General Submission Guidelines:

Each published issue features a curatorial call for the next issue by a guest curator, asking artists to consider specific concepts and approaches to collage. Submitting artists always use the previous issue of Cut Me Up as raw material to cut up and transform, in response to the curatorial call.

Call for Issue 12: Winter 2024
Curated by Allan Bealy

Submissions by October 1, 2023

May We Cut In?

“Eroticism isn’t sex; its sexuality transformed by the human imagination. It’s the thoughts, dreams, anticipation, unruly impulses, and even painful memories which make up our vast erotic landscapes. It’s energized by our entire human experience, layered with early childhood experiences of touch, play, or trauma, which later become cornerstones of our erotic life.”

– Esther Perel

In our ability to imagine and explore sexuality and sensuality in vastly different ways, eroticism is a fundamental expression of human creativity. Manifestations of eroticism and sexual expression have existed since the very beginning of visual arts — from prehistoric cave drawings and petroglyphs to pop art. The exploration and celebration of the erotic has been a significant thread, one both welcomed and forbidden.

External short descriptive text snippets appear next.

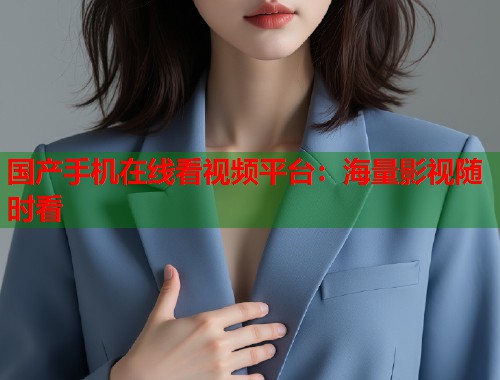 国产手机在线看视频平台:海量影视随时看 国产手机在线看视频平台:海量影视随时看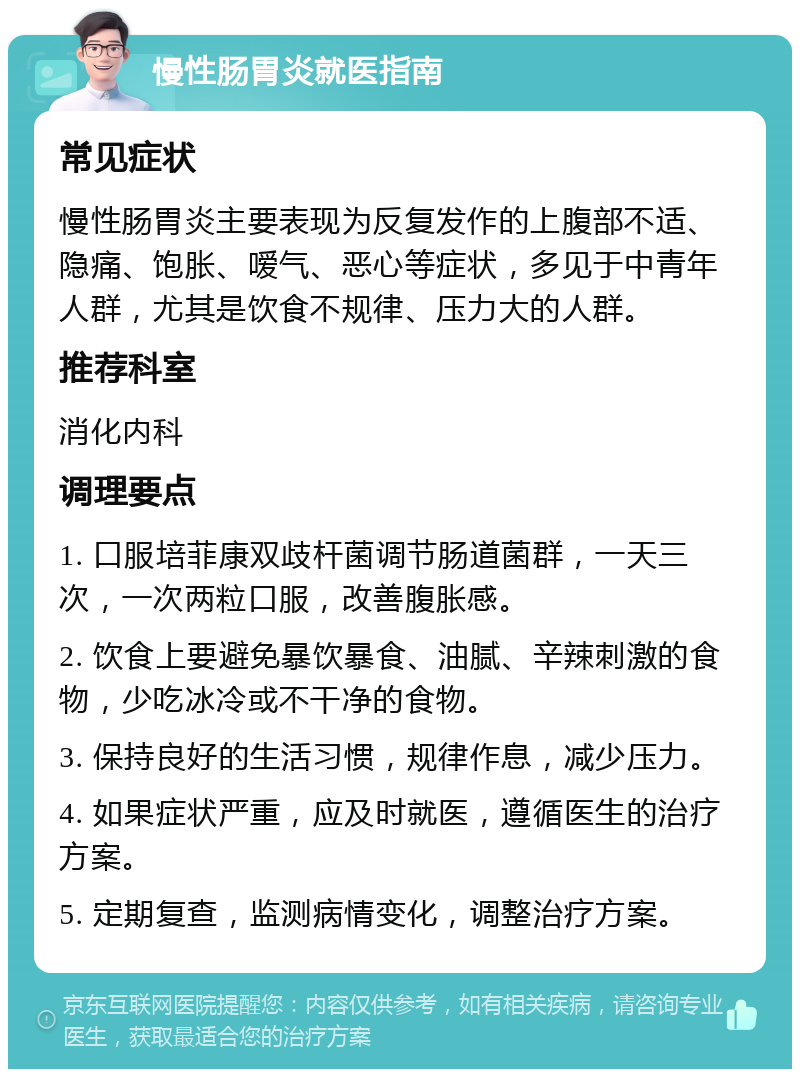 慢性肠胃炎就医指南 常见症状 慢性肠胃炎主要表现为反复发作的上腹部不适、隐痛、饱胀、嗳气、恶心等症状，多见于中青年人群，尤其是饮食不规律、压力大的人群。 推荐科室 消化内科 调理要点 1. 口服培菲康双歧杆菌调节肠道菌群，一天三次，一次两粒口服，改善腹胀感。 2. 饮食上要避免暴饮暴食、油腻、辛辣刺激的食物，少吃冰冷或不干净的食物。 3. 保持良好的生活习惯，规律作息，减少压力。 4. 如果症状严重，应及时就医，遵循医生的治疗方案。 5. 定期复查，监测病情变化，调整治疗方案。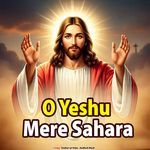 O Yeshu Mere Sahara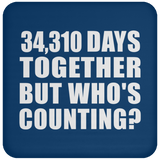 94th Anniversary 34,310 Days Together But Who's Counting - Drink Coaster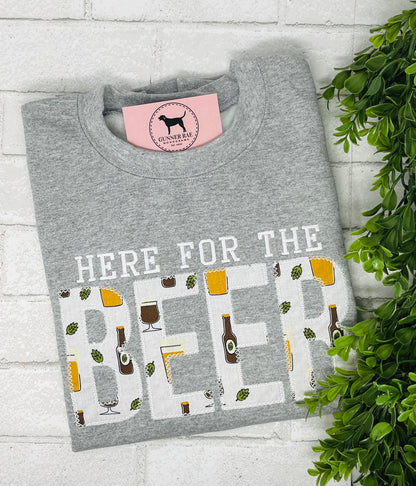 HERE FOR THE BEER Applique Embroidered T-shirt or Sweatshirt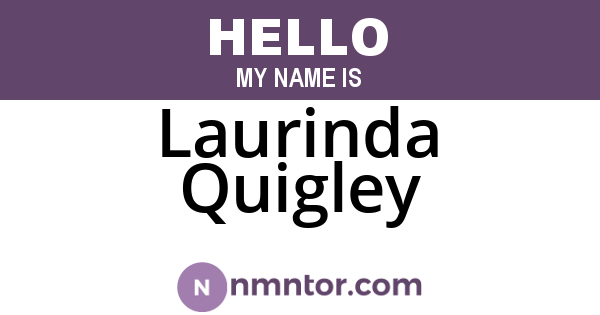 Laurinda Quigley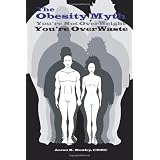 The Obesity Myth You're Not Overweight, You're Overwasteby Aaron K. Mottley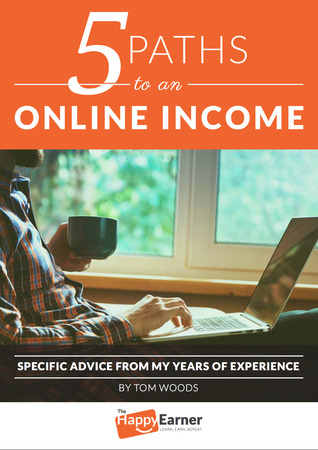 5 Paths to an Online Income: Specific Advice From my Years of Experience (ebook)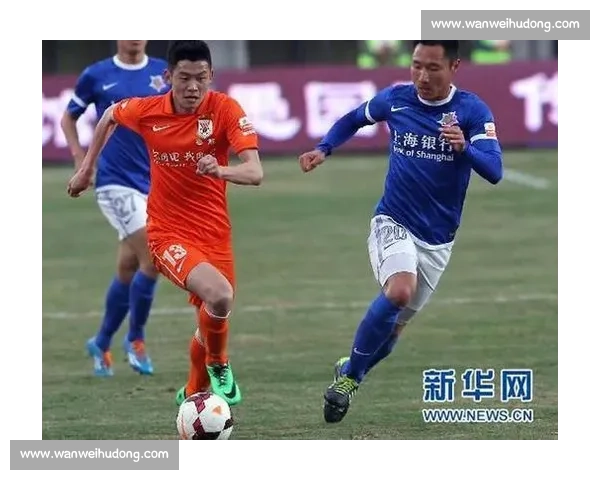 上海申鑫主场迎战山东鲁能,两队争夺中超关键积分战解析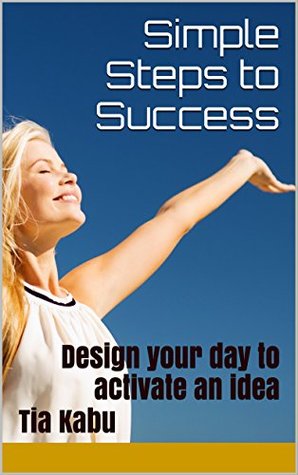 Download Simple Steps to Success: Design your day to activate an idea - Tia Kabu | ePub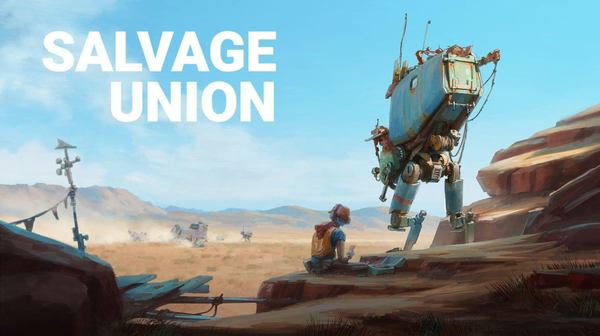Rust Never Sleeps, plus interviews with Salvage Union, Bring Your Own Mech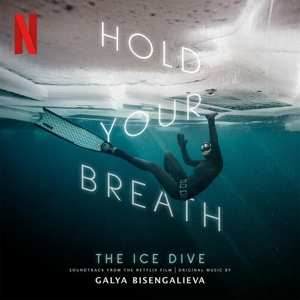 Galya Bisengalieva: Hold Your Breath: The Ice Dive (clear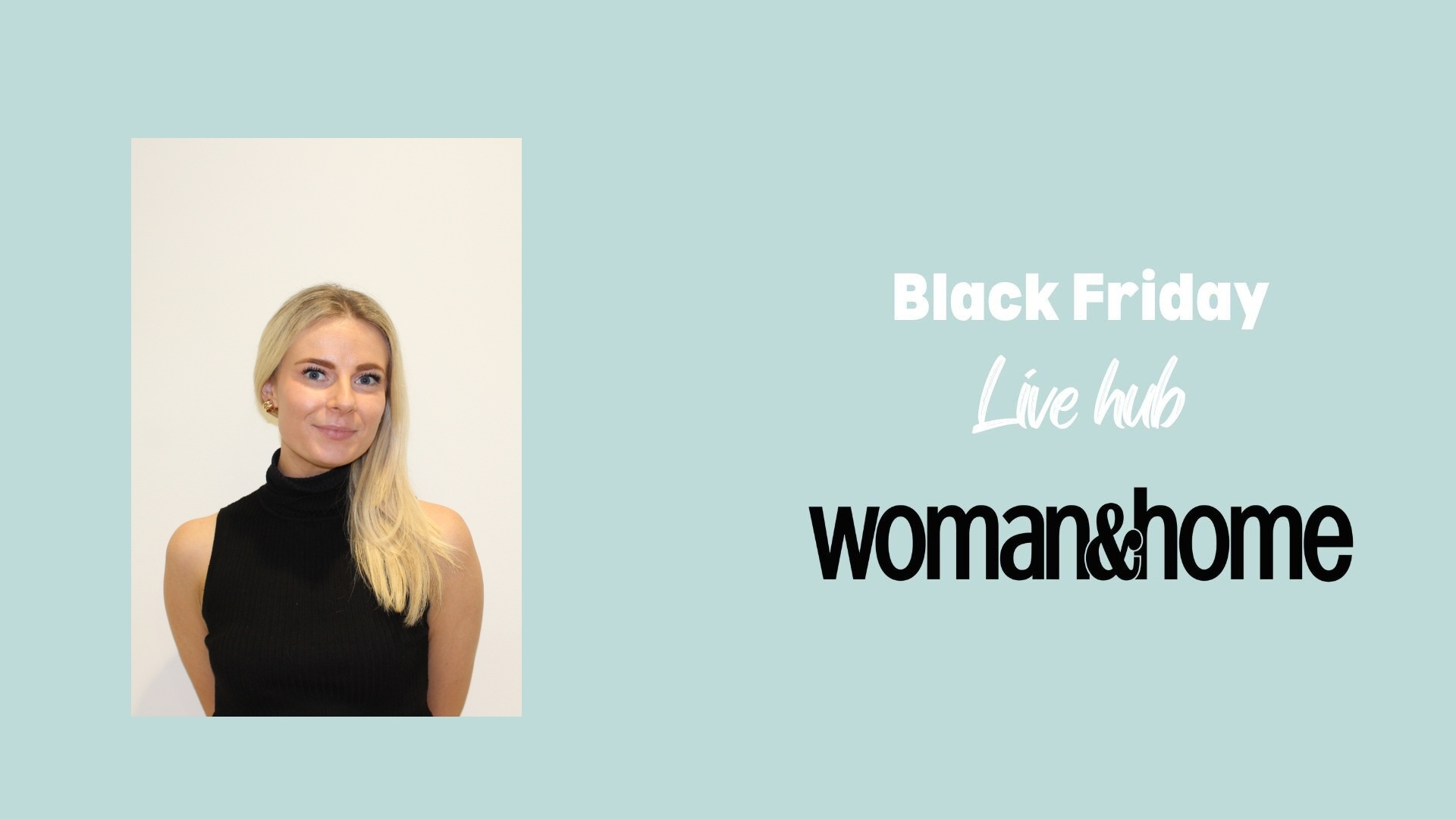 Caitlin Elliott for the woman&home Black Friday live blog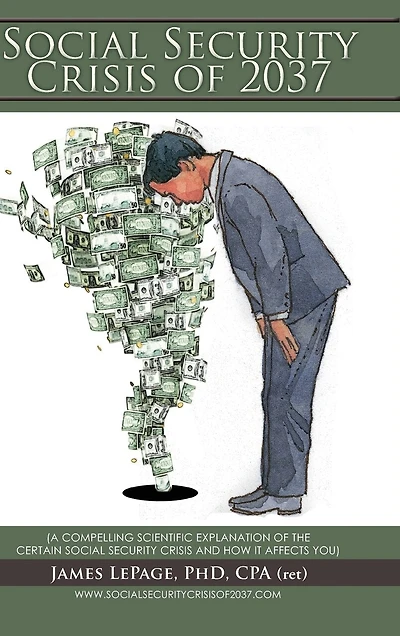 THE SOCIAL SECURITY CRISIS of 2037: (A COMPELLING SCIENTIFIC EXPLANATIONOF CERTAIN AND HOW IT AFFECTS YOU)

Collage, perhaps the most egalitarian of artistic forms, has long been a significant erotic voice in the arts. The intimate touch inherent to working with paper in itself can invoke a sensual response. Texture, color, smell and the repurposing of imagery can lead to a subtle or obvious exploration of the erotic. The implied and the suggested can be as stimulating as the overt.

For this issue of Cut Me Up, we ask you to consider what eroticism means to you. What memories and experiences make up your own erotic landscape? How do you express the freedom and joy of your own sexuality?

It’s time to holler a multicultural, pan-sexual, aspirational hallelujah to the joy of sex!

Allan Bealy, Visual Artist

To submit artwork responses:

  • Embrace the transformative power of collage to manifest your perfect erotic vision!

  • Celebrate the erotic through expressions of the diversity of personal gender identities and sexual orientations.

  • Consider addressing manifestations of sex and sexuality in popular media that need to be changed.

  • Find inspiration in erotic works from the history of collage, including the lyrical paper cut-outs of Pierre Matisse, postwar political collages of Hannah Hoch, the collages of sex educator Zoe Ligon, the playful erotic cutups of Flore Kunst and James Gallagher’s lively studies of the posed body.

  • For this issue of Cut Me Up, eroticism may not include denigrating or exploitative imagery, or overt pornography.

  • All eligible submissions must incorporate some portion or portions of Cut Me Up: Issue 11.

  • Artwork responses must be vertically oriented.

  • Submissions must be sized at 10.25 x 8.25".

  • Scan submissions at 600dpi or photograph with a professional- grade digital SLR camera at the highest resolution setting, minimum resolution of 300dpi.

  • Submissions must be in .TIF format with a minimum native resolution of 300dpi (600dpi preferred).

  • Label artwork file: last name_first name_title.tif

  • In the email body, please include artwork information: your name, title of work, date, materials used, dimensions

  • Send submissions to: cutmeupmagazine@gmail.com

Issue 12 Curator Allan Bealy

Allan Bealy is a Canadian visual artist, graphic designer and art director living in Brooklyn. His collage book Tokens has recently been published by Redfox Press in Ireland. His practice now focuses exclusively on collage.